## Problem description
Could you please reproduce all the records below exactly, leaving out the images?

## Stored data
++++++++++

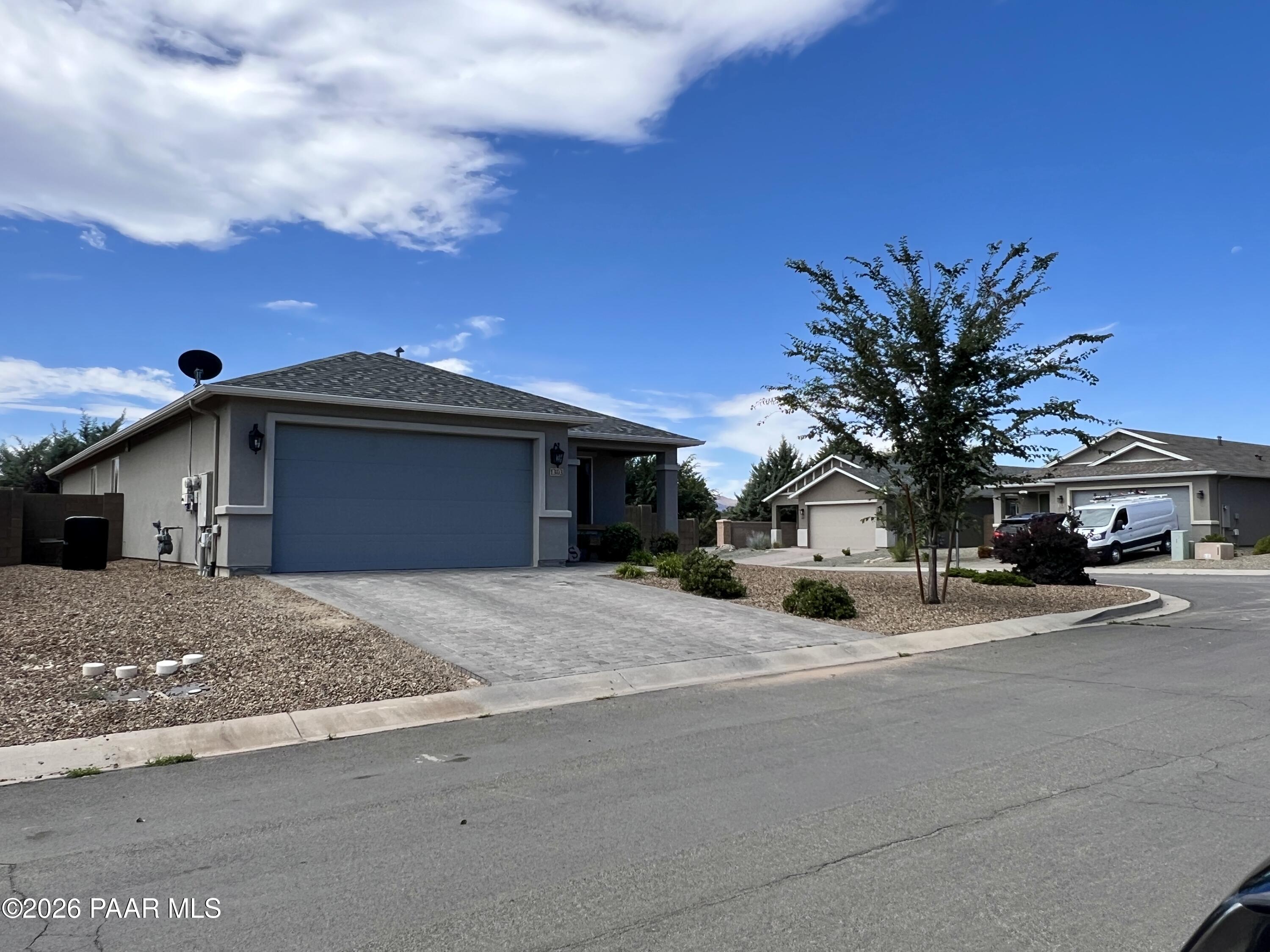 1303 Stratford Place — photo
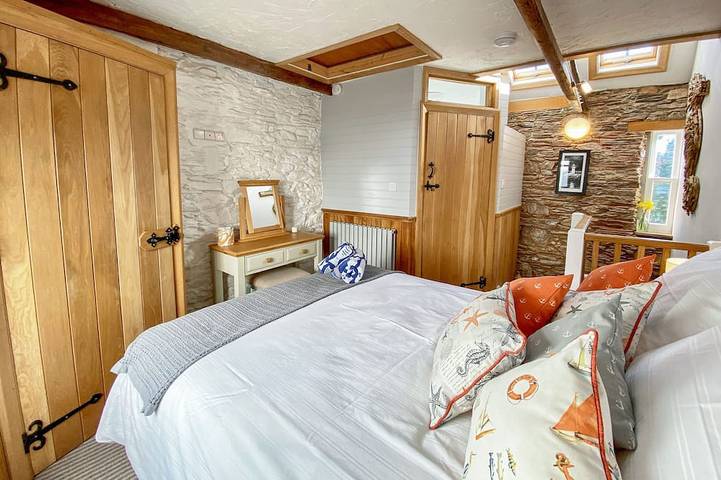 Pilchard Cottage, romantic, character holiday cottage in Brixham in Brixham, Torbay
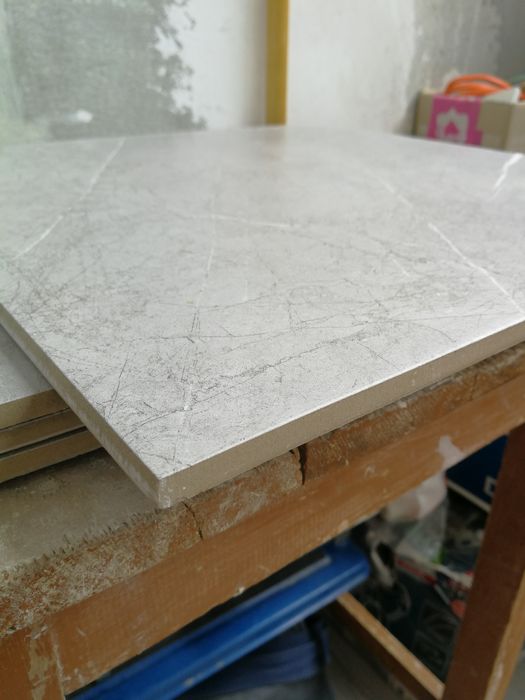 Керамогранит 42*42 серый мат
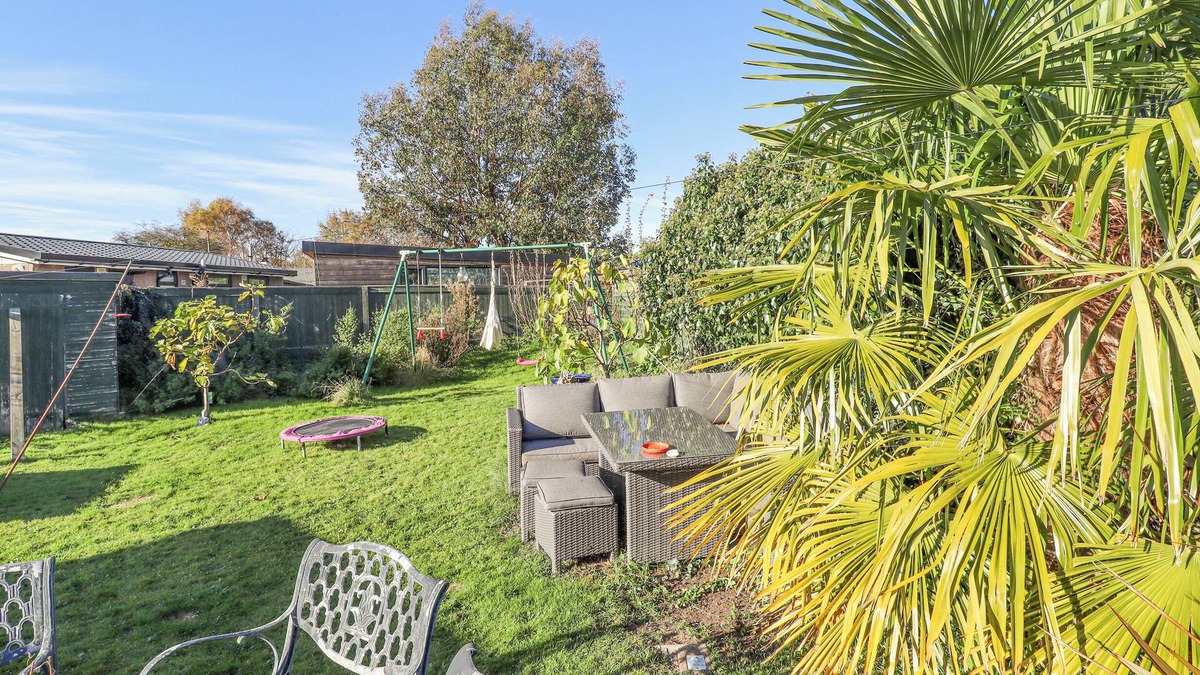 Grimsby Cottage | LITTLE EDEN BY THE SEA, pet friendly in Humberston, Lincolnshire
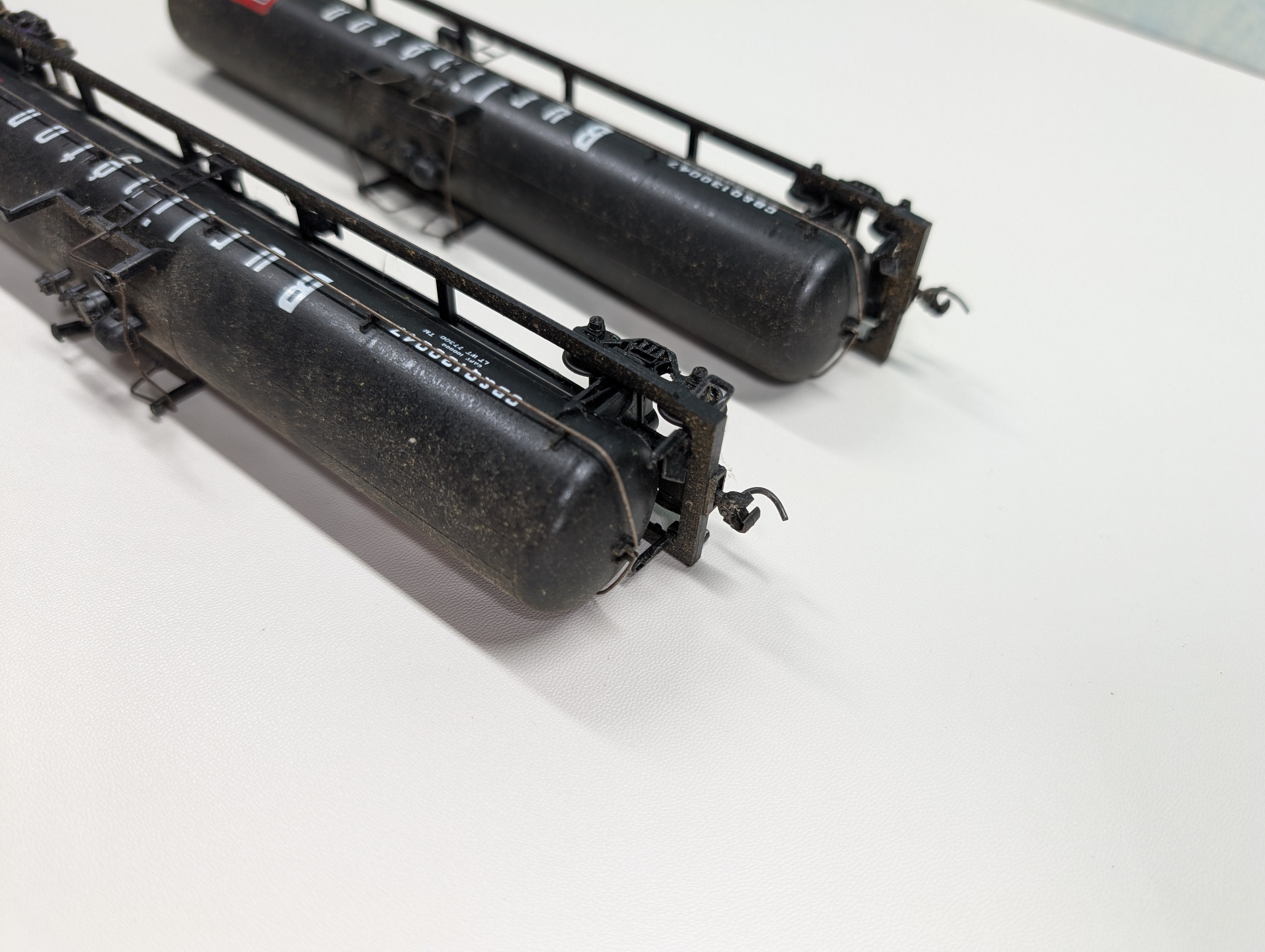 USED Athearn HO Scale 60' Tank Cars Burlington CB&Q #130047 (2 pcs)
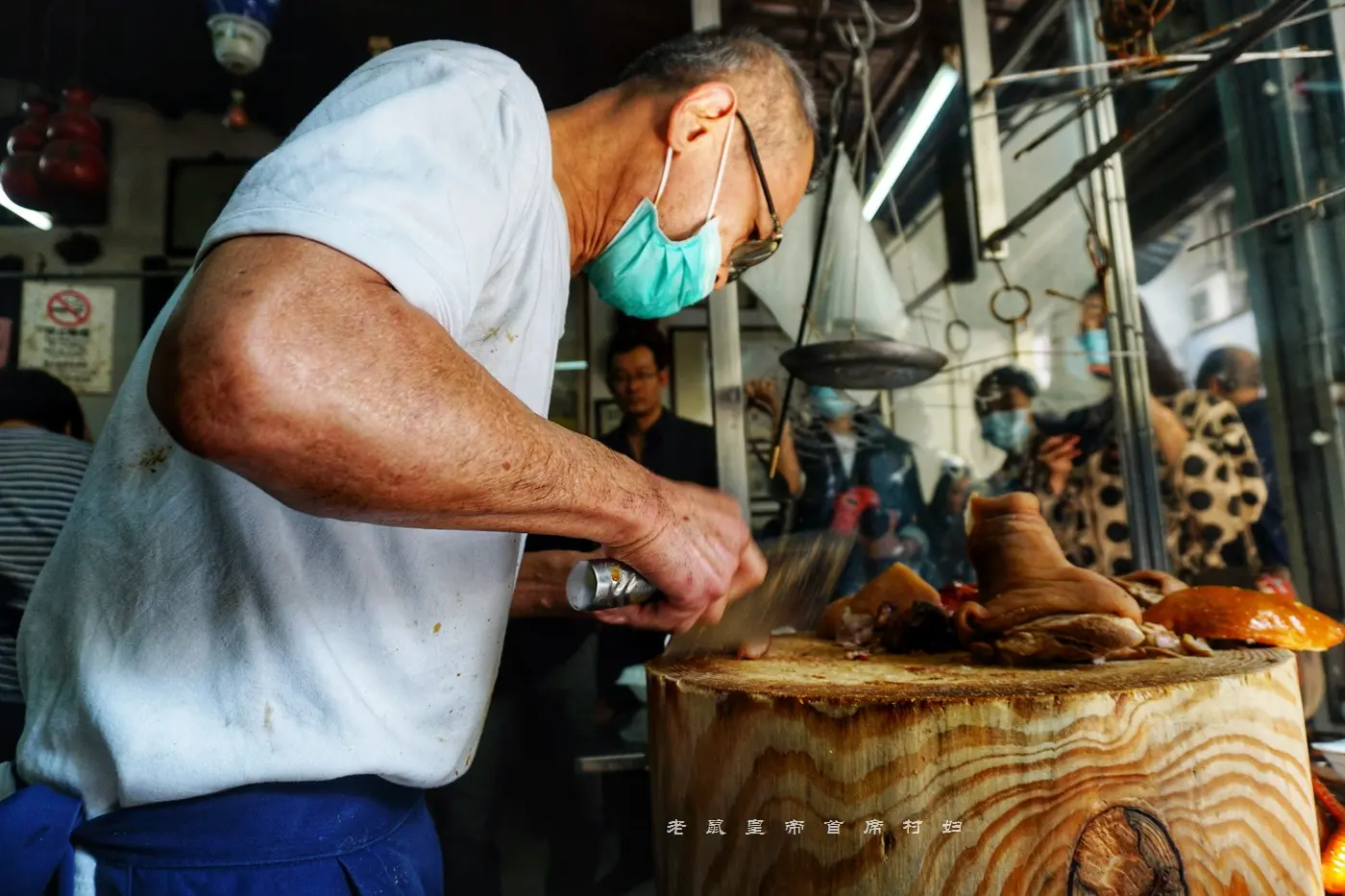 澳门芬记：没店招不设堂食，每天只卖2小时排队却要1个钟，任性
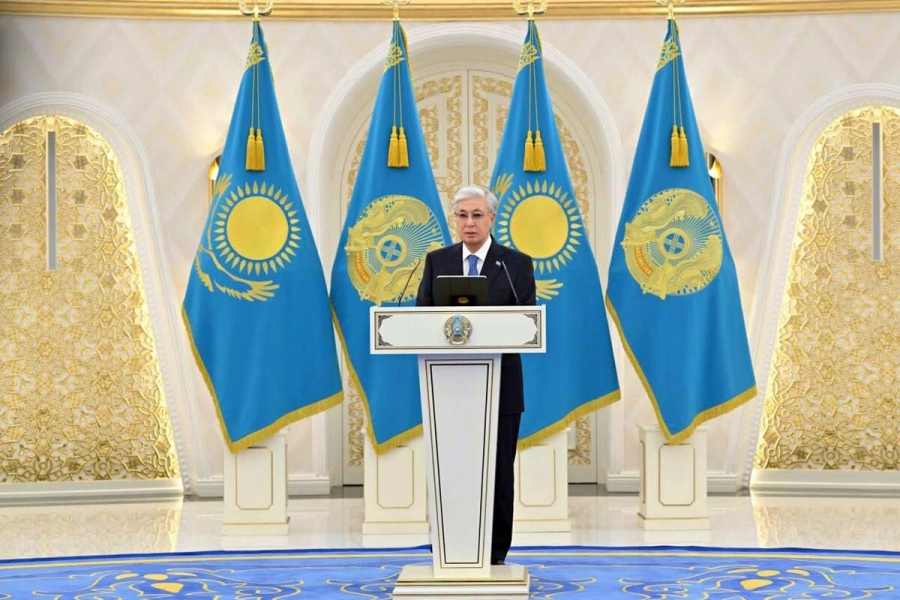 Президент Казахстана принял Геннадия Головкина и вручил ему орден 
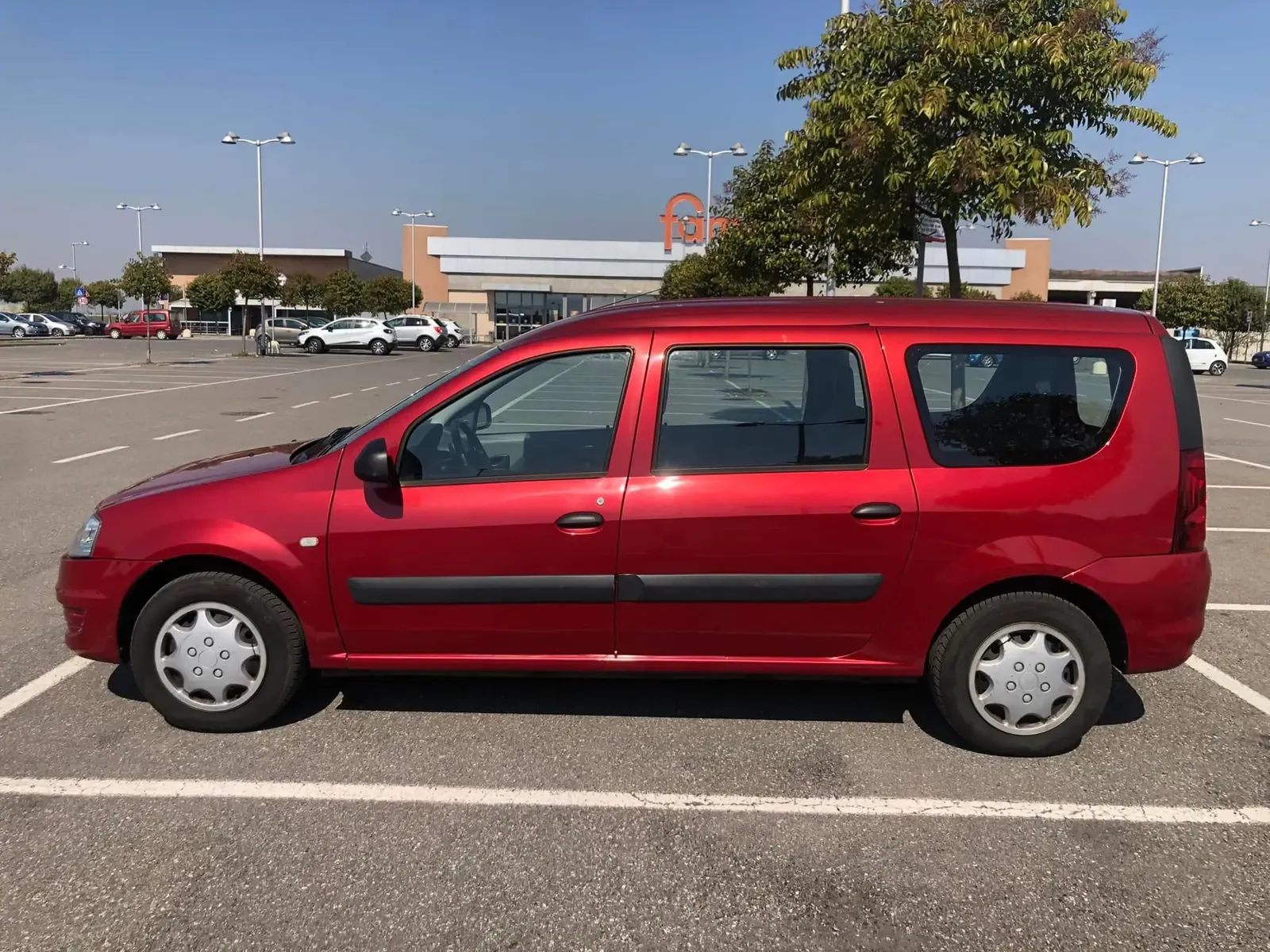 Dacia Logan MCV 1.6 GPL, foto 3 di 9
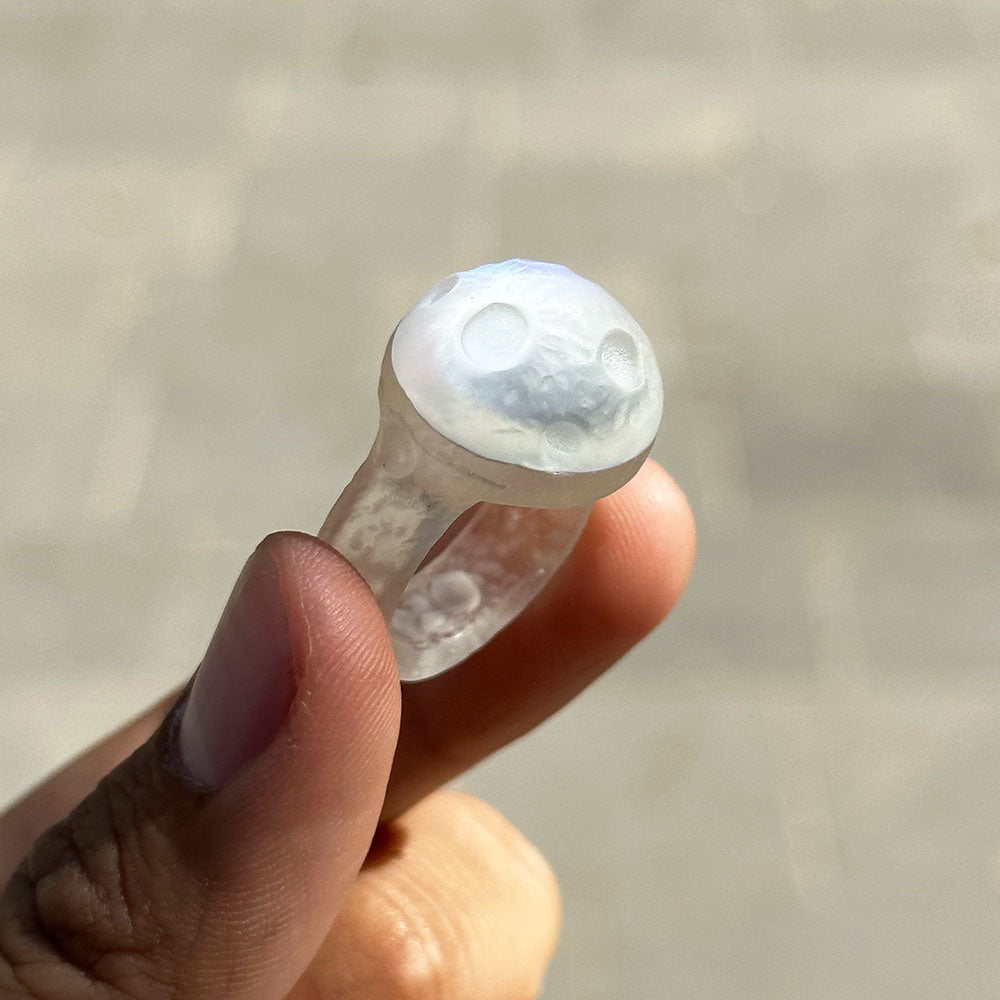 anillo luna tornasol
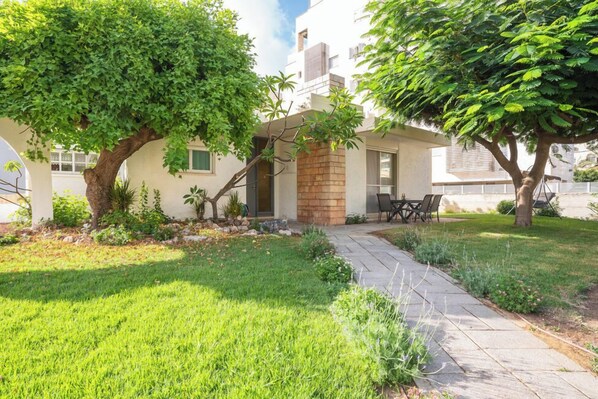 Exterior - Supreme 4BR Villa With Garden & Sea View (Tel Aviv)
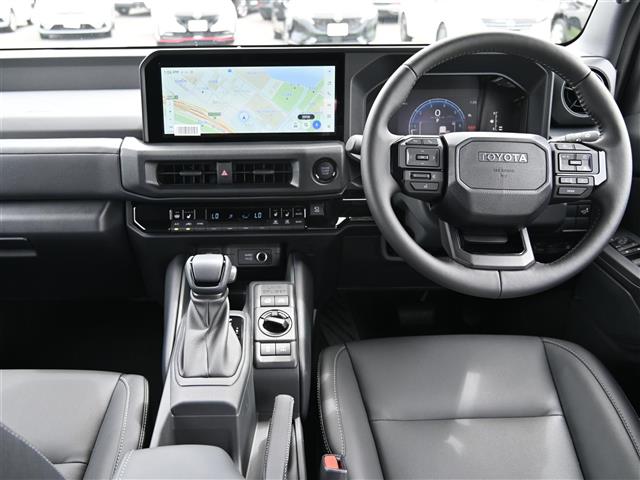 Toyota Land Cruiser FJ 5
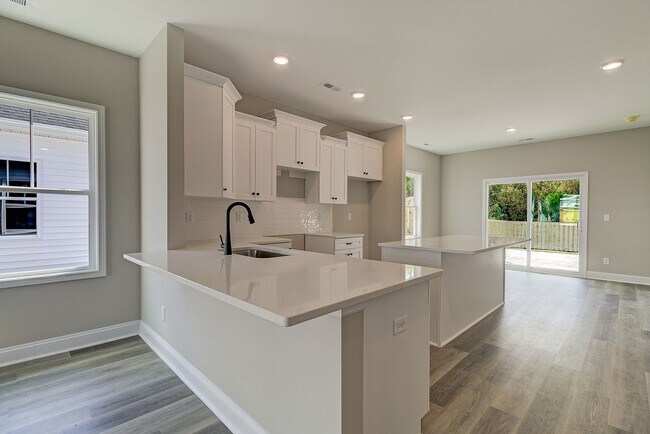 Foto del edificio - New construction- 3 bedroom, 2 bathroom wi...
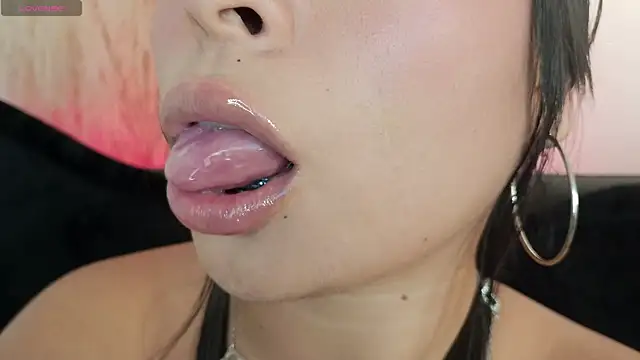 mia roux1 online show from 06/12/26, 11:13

++++++++++

## Response to this exercise
 1303 Stratford Place — photo
 Pilchard Cottage, romantic, character holiday cottage in Brixham in Brixham, Torbay
 Керамогранит 42*42 серый мат
 Grimsby Cottage | LITTLE EDEN BY THE SEA, pet friendly in Humberston, Lincolnshire
 USED Athearn HO Scale 60' Tank Cars Burlington CB&Q #130047 (2 pcs)
 澳门芬记：没店招不设堂食，每天只卖2小时排队却要1个钟，任性
 Президент Казахстана принял Геннадия Головкина и вручил ему орден 
 Dacia Logan MCV 1.6 GPL, foto 3 di 9
 anillo luna tornasol
 Exterior - Supreme 4BR Villa With Garden & Sea View (Tel Aviv)
 Toyota Land Cruiser FJ 5
 Foto del edificio - New construction- 3 bedroom, 2 bathroom wi...
 mia roux1 online show from 06/12/26, 11:13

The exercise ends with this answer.